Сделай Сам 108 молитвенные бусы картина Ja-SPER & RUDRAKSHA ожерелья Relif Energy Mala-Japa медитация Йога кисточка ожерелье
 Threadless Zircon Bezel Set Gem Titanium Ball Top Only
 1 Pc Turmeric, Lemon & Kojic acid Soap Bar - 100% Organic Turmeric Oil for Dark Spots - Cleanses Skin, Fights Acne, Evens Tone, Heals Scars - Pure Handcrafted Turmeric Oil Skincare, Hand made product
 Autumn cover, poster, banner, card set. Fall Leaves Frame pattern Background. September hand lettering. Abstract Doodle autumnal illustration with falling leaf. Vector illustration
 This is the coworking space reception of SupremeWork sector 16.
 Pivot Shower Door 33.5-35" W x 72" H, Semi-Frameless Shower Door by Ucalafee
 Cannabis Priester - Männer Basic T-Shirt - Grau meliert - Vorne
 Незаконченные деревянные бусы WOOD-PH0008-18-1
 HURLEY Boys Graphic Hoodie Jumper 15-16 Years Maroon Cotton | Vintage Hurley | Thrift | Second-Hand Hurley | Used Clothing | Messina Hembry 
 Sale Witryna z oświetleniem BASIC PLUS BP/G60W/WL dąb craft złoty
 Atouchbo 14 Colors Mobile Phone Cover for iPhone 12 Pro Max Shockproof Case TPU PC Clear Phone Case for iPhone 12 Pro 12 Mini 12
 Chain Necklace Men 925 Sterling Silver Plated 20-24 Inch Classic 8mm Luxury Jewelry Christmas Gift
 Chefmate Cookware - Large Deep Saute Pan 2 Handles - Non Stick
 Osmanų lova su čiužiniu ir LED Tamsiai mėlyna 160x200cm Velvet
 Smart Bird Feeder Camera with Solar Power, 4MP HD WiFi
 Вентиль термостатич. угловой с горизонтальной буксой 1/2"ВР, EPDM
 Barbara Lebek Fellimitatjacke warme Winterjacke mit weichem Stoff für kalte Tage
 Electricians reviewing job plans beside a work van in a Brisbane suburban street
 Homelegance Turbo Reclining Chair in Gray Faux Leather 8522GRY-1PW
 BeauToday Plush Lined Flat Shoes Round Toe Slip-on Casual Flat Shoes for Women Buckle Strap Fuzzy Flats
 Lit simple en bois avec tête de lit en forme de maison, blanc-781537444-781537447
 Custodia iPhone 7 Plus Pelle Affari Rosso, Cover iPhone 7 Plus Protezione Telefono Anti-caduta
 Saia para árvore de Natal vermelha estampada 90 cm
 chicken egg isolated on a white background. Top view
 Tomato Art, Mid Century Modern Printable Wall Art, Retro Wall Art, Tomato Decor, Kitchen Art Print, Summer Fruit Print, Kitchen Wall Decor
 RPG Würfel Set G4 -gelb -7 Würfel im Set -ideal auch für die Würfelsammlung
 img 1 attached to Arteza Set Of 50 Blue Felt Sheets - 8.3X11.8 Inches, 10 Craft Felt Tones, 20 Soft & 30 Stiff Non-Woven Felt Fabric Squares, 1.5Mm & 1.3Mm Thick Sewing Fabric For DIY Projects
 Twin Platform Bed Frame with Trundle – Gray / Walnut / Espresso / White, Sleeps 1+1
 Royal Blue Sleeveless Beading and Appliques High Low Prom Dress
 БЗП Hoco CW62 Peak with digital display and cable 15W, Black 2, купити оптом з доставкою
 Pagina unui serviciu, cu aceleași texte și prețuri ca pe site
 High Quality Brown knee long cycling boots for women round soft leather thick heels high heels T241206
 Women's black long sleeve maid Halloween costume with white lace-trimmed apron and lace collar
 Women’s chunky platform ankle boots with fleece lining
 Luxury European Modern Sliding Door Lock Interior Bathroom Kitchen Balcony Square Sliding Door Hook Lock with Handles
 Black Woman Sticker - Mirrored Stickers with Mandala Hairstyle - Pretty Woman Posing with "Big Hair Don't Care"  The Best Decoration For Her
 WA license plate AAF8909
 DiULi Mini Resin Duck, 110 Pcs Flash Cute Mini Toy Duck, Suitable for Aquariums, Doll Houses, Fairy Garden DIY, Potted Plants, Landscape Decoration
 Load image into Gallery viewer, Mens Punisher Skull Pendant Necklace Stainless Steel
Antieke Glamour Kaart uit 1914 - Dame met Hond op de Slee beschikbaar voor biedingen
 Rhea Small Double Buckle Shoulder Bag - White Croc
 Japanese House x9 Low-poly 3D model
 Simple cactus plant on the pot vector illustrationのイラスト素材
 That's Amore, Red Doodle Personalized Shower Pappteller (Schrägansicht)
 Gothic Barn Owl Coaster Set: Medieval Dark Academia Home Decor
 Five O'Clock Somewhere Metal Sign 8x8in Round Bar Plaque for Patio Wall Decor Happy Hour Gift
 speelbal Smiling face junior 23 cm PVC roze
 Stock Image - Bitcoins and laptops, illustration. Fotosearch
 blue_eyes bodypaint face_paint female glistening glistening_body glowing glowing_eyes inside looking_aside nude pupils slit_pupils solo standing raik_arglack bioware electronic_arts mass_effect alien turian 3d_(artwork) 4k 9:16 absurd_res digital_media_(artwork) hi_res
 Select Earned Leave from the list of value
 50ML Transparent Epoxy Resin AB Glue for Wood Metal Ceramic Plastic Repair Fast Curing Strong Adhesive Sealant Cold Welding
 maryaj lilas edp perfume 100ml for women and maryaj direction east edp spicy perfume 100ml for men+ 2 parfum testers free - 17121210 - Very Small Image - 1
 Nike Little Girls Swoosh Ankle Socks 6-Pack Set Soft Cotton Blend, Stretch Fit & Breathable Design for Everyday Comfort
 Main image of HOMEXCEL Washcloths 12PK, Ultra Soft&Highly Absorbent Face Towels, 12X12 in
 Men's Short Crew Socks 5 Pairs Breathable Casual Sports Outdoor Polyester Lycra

Task – Make an exact copy of the listing, including every line.

Result below –
Сделай Сам 108 молитвенные бусы картина Ja-SPER & RUDRAKSHA ожерелья Relif Energy Mala-Japa медитация Йога кисточка ожерелье
 Threadless Zircon Bezel Set Gem Titanium Ball Top Only
 1 Pc Turmeric, Lemon & Kojic acid Soap Bar - 100% Organic Turmeric Oil for Dark Spots - Cleanses Skin, Fights Acne, Evens Tone, Heals Scars - Pure Handcrafted Turmeric Oil Skincare, Hand made product
 Autumn cover, poster, banner, card set. Fall Leaves Frame pattern Background. September hand lettering. Abstract Doodle autumnal illustration with falling leaf. Vector illustration
 This is the coworking space reception of SupremeWork sector 16.
 Pivot Shower Door 33.5-35" W x 72" H, Semi-Frameless Shower Door by Ucalafee
 Cannabis Priester - Männer Basic T-Shirt - Grau meliert - Vorne
 Незаконченные деревянные бусы WOOD-PH0008-18-1
 HURLEY Boys Graphic Hoodie Jumper 15-16 Years Maroon Cotton | Vintage Hurley | Thrift | Second-Hand Hurley | Used Clothing | Messina Hembry 
 Sale Witryna z oświetleniem BASIC PLUS BP/G60W/WL dąb craft złoty
 Atouchbo 14 Colors Mobile Phone Cover for iPhone 12 Pro Max Shockproof Case TPU PC Clear Phone Case for iPhone 12 Pro 12 Mini 12
 Chain Necklace Men 925 Sterling Silver Plated 20-24 Inch Classic 8mm Luxury Jewelry Christmas Gift
 Chefmate Cookware - Large Deep Saute Pan 2 Handles - Non Stick
 Osmanų lova su čiužiniu ir LED Tamsiai mėlyna 160x200cm Velvet
 Smart Bird Feeder Camera with Solar Power, 4MP HD WiFi
 Вентиль термостатич. угловой с горизонтальной буксой 1/2"ВР, EPDM
 Barbara Lebek Fellimitatjacke warme Winterjacke mit weichem Stoff für kalte Tage
 Electricians reviewing job plans beside a work van in a Brisbane suburban street
 Homelegance Turbo Reclining Chair in Gray Faux Leather 8522GRY-1PW
 BeauToday Plush Lined Flat Shoes Round Toe Slip-on Casual Flat Shoes for Women Buckle Strap Fuzzy Flats
 Lit simple en bois avec tête de lit en forme de maison, blanc-781537444-781537447
 Custodia iPhone 7 Plus Pelle Affari Rosso, Cover iPhone 7 Plus Protezione Telefono Anti-caduta
 Saia para árvore de Natal vermelha estampada 90 cm
 chicken egg isolated on a white background. Top view
 Tomato Art, Mid Century Modern Printable Wall Art, Retro Wall Art, Tomato Decor, Kitchen Art Print, Summer Fruit Print, Kitchen Wall Decor
 RPG Würfel Set G4 -gelb -7 Würfel im Set -ideal auch für die Würfelsammlung
 img 1 attached to Arteza Set Of 50 Blue Felt Sheets - 8.3X11.8 Inches, 10 Craft Felt Tones, 20 Soft & 30 Stiff Non-Woven Felt Fabric Squares, 1.5Mm & 1.3Mm Thick Sewing Fabric For DIY Projects
 Twin Platform Bed Frame with Trundle – Gray / Walnut / Espresso / White, Sleeps 1+1
 Royal Blue Sleeveless Beading and Appliques High Low Prom Dress
 БЗП Hoco CW62 Peak with digital display and cable 15W, Black 2, купити оптом з доставкою
 Pagina unui serviciu, cu aceleași texte și prețuri ca pe site
 High Quality Brown knee long cycling boots for women round soft leather thick heels high heels T241206
 Women's black long sleeve maid Halloween costume with white lace-trimmed apron and lace collar
 Women’s chunky platform ankle boots with fleece lining
 Luxury European Modern Sliding Door Lock Interior Bathroom Kitchen Balcony Square Sliding Door Hook Lock with Handles
 Black Woman Sticker - Mirrored Stickers with Mandala Hairstyle - Pretty Woman Posing with "Big Hair Don't Care"  The Best Decoration For Her
 WA license plate AAF8909
 DiULi Mini Resin Duck, 110 Pcs Flash Cute Mini Toy Duck, Suitable for Aquariums, Doll Houses, Fairy Garden DIY, Potted Plants, Landscape Decoration
 Load image into Gallery viewer, Mens Punisher Skull Pendant Necklace Stainless Steel
Antieke Glamour Kaart uit 1914 - Dame met Hond op de Slee beschikbaar voor biedingen
 Rhea Small Double Buckle Shoulder Bag - White Croc
 Japanese House x9 Low-poly 3D model
 Simple cactus plant on the pot vector illustrationのイラスト素材
 That's Amore, Red Doodle Personalized Shower Pappteller (Schrägansicht)
 Gothic Barn Owl Coaster Set: Medieval Dark Academia Home Decor
 Five O'Clock Somewhere Metal Sign 8x8in Round Bar Plaque for Patio Wall Decor Happy Hour Gift
 speelbal Smiling face junior 23 cm PVC roze
 Stock Image - Bitcoins and laptops, illustration. Fotosearch
 blue_eyes bodypaint face_paint female glistening glistening_body glowing glowing_eyes inside looking_aside nude pupils slit_pupils solo standing raik_arglack bioware electronic_arts mass_effect alien turian 3d_(artwork) 4k 9:16 absurd_res digital_media_(artwork) hi_res
 Select Earned Leave from the list of value
 50ML Transparent Epoxy Resin AB Glue for Wood Metal Ceramic Plastic Repair Fast Curing Strong Adhesive Sealant Cold Welding
 maryaj lilas edp perfume 100ml for women and maryaj direction east edp spicy perfume 100ml for men+ 2 parfum testers free - 17121210 - Very Small Image - 1
 Nike Little Girls Swoosh Ankle Socks 6-Pack Set Soft Cotton Blend, Stretch Fit & Breathable Design for Everyday Comfort
 Main image of HOMEXCEL Washcloths 12PK, Ultra Soft&Highly Absorbent Face Towels, 12X12 in
 Men's Short Crew Socks 5 Pairs Breathable Casual Sports Outdoor Polyester Lycra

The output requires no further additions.